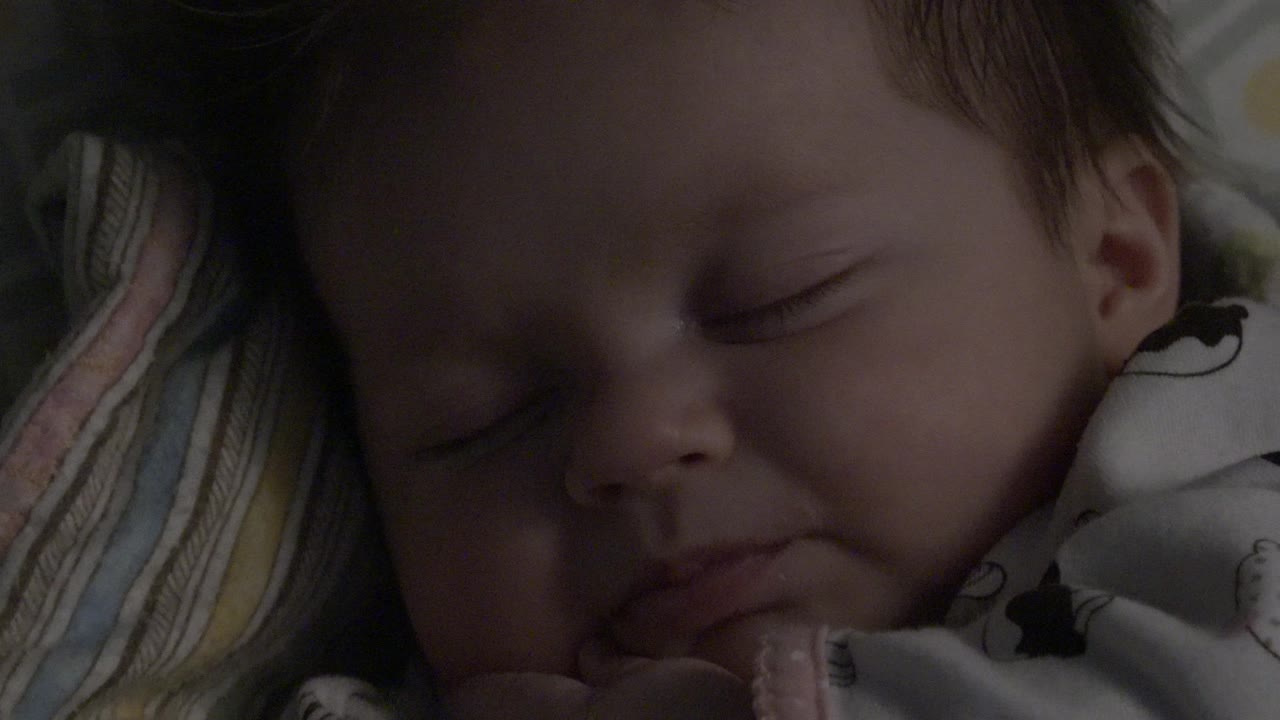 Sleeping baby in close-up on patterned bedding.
* * *
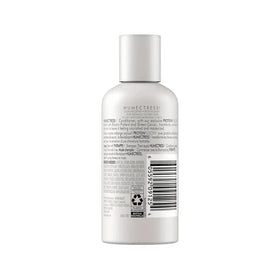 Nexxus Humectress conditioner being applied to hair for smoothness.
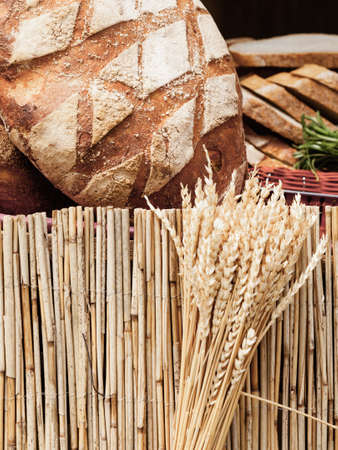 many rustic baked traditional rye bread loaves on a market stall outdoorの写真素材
* * *
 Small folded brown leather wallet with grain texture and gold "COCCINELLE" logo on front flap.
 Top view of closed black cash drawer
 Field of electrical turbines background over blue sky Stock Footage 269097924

→ Work instructions: Produce an exact reproduction of the listing above, limited to the lines starting at the line with "Nexxus Humectress conditioner" and ending at the line with "many rustic baked", both kept, with every picture left out.

→ Response to the exercise:
 Nexxus Humectress conditioner being applied to hair for smoothness.
 many rustic baked traditional rye bread loaves on a market stall outdoorの写真素材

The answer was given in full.